Personel naziemny linii Widerøe wyprosił z samolotu dziewięciu Polaków bez podania powodu, natomiast znajdujący się pod wpływem alkoholu pasażer – również polskiego pochodzenia – spokojnie doleciał do celu – poinformowała w internecie mieszkająca w Norwegii Polka. Całą sytuację oceniła jako przejaw dyskryminacji ze względu na narodowość.

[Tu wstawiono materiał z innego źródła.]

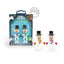 Expositor 20 Sets de 2 Muñecos de Nieve Flexibles TRENDHAUS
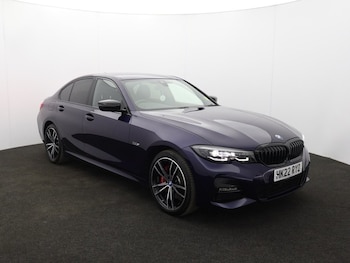Used BMW 3 Series 2022 for sale - 79587364: Photo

Mój mąż wsiada do samolotu Widerøe, razem z nim wsiada grupa nieznających się Polaków. Jeden jest w sztok pijany, ale to do mojego podchodzi nagle ground service officer, wypraszając jego i osiem innych osób z samolotu i nie podając powodu. Wyproszone osoby to wyłącznie POLACY, Pijany w sztok Polak zostaje w samolocie i leci do celu
— nie kryła oburzenia.
Mąż i pozostali pasażerowie na własne życzenie chcą wykonać badanie na obecność alkoholu we krwi na lotniskowym posterunku policji, policja twierdzi, że nie ma takiej technicznej możliwości. Jadą na własny koszt na inny posterunek policji w Oslo. Tam wykonują badanie krwi, wszyscy mają 0%., ale policja nie chce udostępnić wyników poszkodowanym i nie zgadza się na wykonanie zdjęcia badania. Zostają skierowani do stołecznego szpitala. Tam zostają powiadomieni, że badanie na obecność alkoholu we krwi to może im zrobią za 7 godzin. Mąż rezygnuje z badania, kupuje bilet do Forde, gdzie pracuje. Kupuje go za własne pieniądze. W hotelu jest o 2 w nocy, a pracę zaczyna o 6 rano
— relacjonowała, dodając, że obecnie czeka na wyjaśnienia przewoźnika i odpowiedź ambasady.
To jest skandal
— podkreśliła.
W sieci można znaleźć zdecydowanie więcej przykładów dyskryminacji Polaków, zarówno przez okryty jak najgorszą sławą urząd Barnevernet, jak i pracodawców.